Staring

I like to look people in the eye. I mean, I really look at them hard. In conversation, upon being introduced to someone new, in meetings… I tend to stare. In polite terms, I observe. Always, I am in violation of the Cardinal Rule of Public Transit – do not, ever, under any circumstance, look at a stranger on the streetcar with the faintest intensity.
My sister, Eleni, has three words she uses over and again when we share a restaurant meal: “Maria, stop staring!” It makes her crazy that I like watching people, that my gaze gets caught up in how they do things. Have you ever followed closely someone’s movements – watched how he lifts a utensil, the way he switches off knife and fork, or how he places the napkin when he leaves the table? That we each cradle a water glass or clink to a toast differently? I love all these gestures, I get absolutely taken away in them, and I suppose this makes me a difficult dinner companion if you’re not used to either – a) intense observation, or b) someone whose attention is fixated on the table next.
I remember an ex from my university days, Alex. He had a subtle – barely noticeable – way of pushing his bang back in moments of quiet apprehension, when otherwise his body language would not betray him. Everything is right, but he’s pushing back his bang: something’s amiss. These years later, I see his cue everywhere in others.

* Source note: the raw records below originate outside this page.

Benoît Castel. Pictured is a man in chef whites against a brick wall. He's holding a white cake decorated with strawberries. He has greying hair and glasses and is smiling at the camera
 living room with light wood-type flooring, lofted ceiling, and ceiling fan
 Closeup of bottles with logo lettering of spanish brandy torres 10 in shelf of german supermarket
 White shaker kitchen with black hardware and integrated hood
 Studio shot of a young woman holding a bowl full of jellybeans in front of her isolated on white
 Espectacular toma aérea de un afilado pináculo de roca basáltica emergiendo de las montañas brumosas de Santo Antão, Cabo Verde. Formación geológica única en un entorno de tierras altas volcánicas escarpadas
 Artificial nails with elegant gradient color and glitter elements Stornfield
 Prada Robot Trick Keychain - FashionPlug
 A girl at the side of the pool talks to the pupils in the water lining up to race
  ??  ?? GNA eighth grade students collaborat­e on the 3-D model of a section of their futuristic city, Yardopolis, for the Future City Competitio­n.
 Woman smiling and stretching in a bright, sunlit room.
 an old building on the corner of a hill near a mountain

It’s a lot to admit publicly that I live by watching people live their lives. I worry that it seems pedantic to treat observation with so much mental rigour: a scientist collecting her data. But – what it means to be here, the infinite ways to compose a day, and the tiny actions that lead to the mundane and sublime? I will spend years puzzling over this stuff.
I really – and initially, against my will – like a genre of writing known as “stunt non-fiction.” The label’s a bit unfortunate, mostly because of the connotations in the word “stunt” – falsity or something done for attention. The genre refers to the recent explosion of writing about an author’s quest toward some kind of self-discovery through a gimmick. A few titles you will recognize - Julie & Julia, The Happiness Project, The Art of Eating In or Living Oprah. Each has a narrowly-defined scope and time frame: for instance, attempting every recipe from Julia Child’s Mastering the Art of French Cooking or devoting an entire year to the study and living of “happiness.”
This type of reading provides me an easy, cheap thrill – the high someone else might experience from hours of reality television. The books aren’t complicated and the lessons aren’t profound, especially when they set out to be. The real meat is the 300-page glimpse into someone’s real – albeit, heavily edited – life. The minutiae within the less-considered bits make this genre exciting and infuriating. Powell’s puddle of woman and stuffed chicken on the orange and black checkered tile; quiet, keen bedtime observations from Rubin’s husband; or how Cathy’s experiment, to me, is a story about relationships, not avoiding restaurants.
It all comes back to the looking really hard at people: on the streetcar, at the table, through the words they write and omit, however uncomfortable… The individual bits often don’t say much. But in composite, our gestures are revelatory. Figuring out the lessons in each glance, each movement absorbed, each excruciating detail, and then comes the difficult part – using this bric-à-brac to some end, maybe to live better.